A tutti è noto come il declino delle percentuali di votanti abbia raggiunto valori enormi, in Italia come in Europa. Alle ultime elezioni parlamentari dello scorso settembre, la percentuale registrata dei votanti si è attestata sul 63.8%: ben 30 punti percentuali inferiore ai dati praticamente constanti registrati dal dopoguerra e fino al 1976 (93.39%). La consolazione di essere solo leggermente al di sotto degli altri Paesi europei, non mitiga minimamente la gravità della situazione. La disaffezione ad una politica avulsa dai bisogni della gente e la prevalenza di una cultura edonistico-individualista, che accomuna il non voto e i populismi di varia matrice politica, resta il vulnus da risolvere per civismo, innanzitutto, ma anche per tornaconto elettorale.

Provocatoriamente, ricordo che in alcuni Paesi, 26 per la precisione, vige l’obbligo di voto. Oltre a Paesi come Corea del Nord, Brasile o Repubblica Democratica del Congo, per citarne alcuni, anche in Australia e nella nostra Europa “democratica” Belgio, Lussemburgo e Grecia hanno optato per questa forma di “incentivazione” al voto: chi applica sanzioni economiche; chi restrizioni di diritti civili; chi riduce i benefici godibili; chi la conserva solo formalmente.

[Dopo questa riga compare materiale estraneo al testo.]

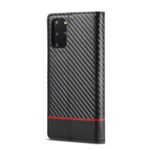 LC.IMEEKE Carbon Fiber PU + TPU Horizontal Flip Leather Case with Holder & Card Slot & Wallet For Samsung Galaxy S20(Horizontal Black)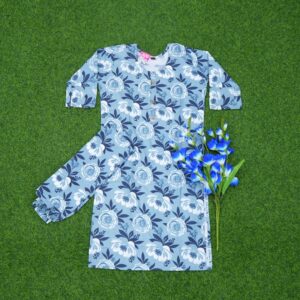 10 300 Blue Color Large Rose Floral Printed 2-Piece Designer Dress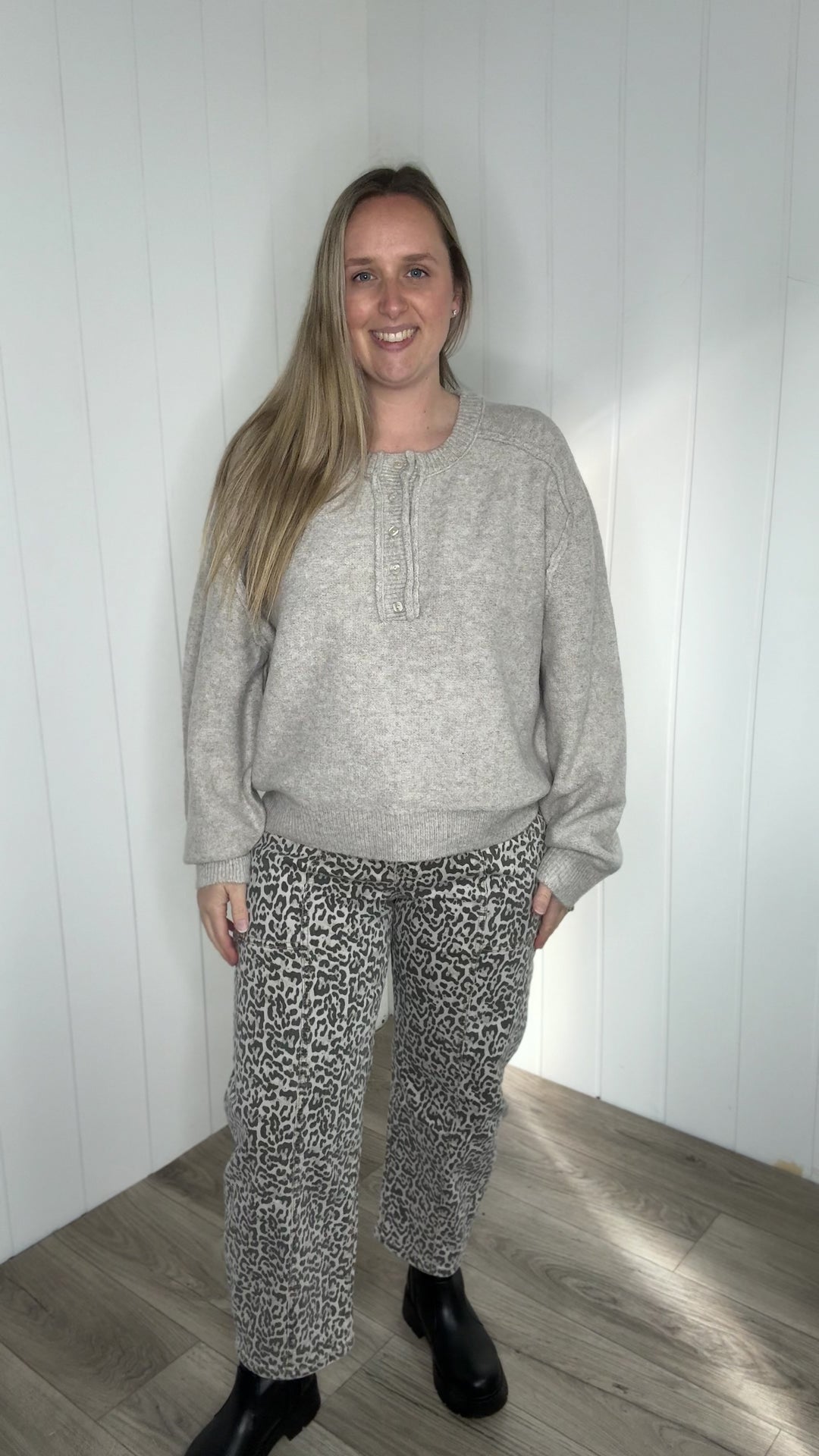 Gianna Knit Henley Sweater- MUSHROOM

Non nutro dubbi circa la necessità di eludere ogni forma di coattazione, rimanendo convinto che l’affezione alle vicende politiche di una comunità, continentale, nazionale, regionale o comunale che si voglia, passa per un riavvicinamento a due sensi di marcia tra chi è chiamato a governare e chi è tenuto a verificarne l’operato in vista del bene comune e del buon vivere. Porre al centro della propria azione interessi particolari e ambizioni personali, da ambo le parti, conduce a quella progressiva divaricazione alla quale assistiamo dall’epoca partecipativa del post ’68 ad oggi.

Certo si necessita di nuove scuole di politica; non vi è dubbio circa l’urgenza di un’educazione civica compartecipata nelle strutture educative; è indiscutibile il bisogno di modelli di governance partecipativa nella gestione dei territori.

Tuttavia, per domani, ciò che conta è recarsi alle urne: per dare il nostro assenso; per manifestare le nostre mediazioni; per esprimere i compromessi ritenuti, anche obtorto collo, possibili. O anche per sfogare i nostri più totali dissensi utilizzando lo strumento della “scheda bianca”. Solo così, solo sconfiggendo il partito del non voto, avremo la possibilità di una legittimazione dei vincitori o di una riduzione di quel tronfio vittorialismo che caratterizza perfino i leader più potenti di questo nostro mondo non di rado eletti da minoranze di meno di un quarto dei cittadini dei rispettivi Paesi.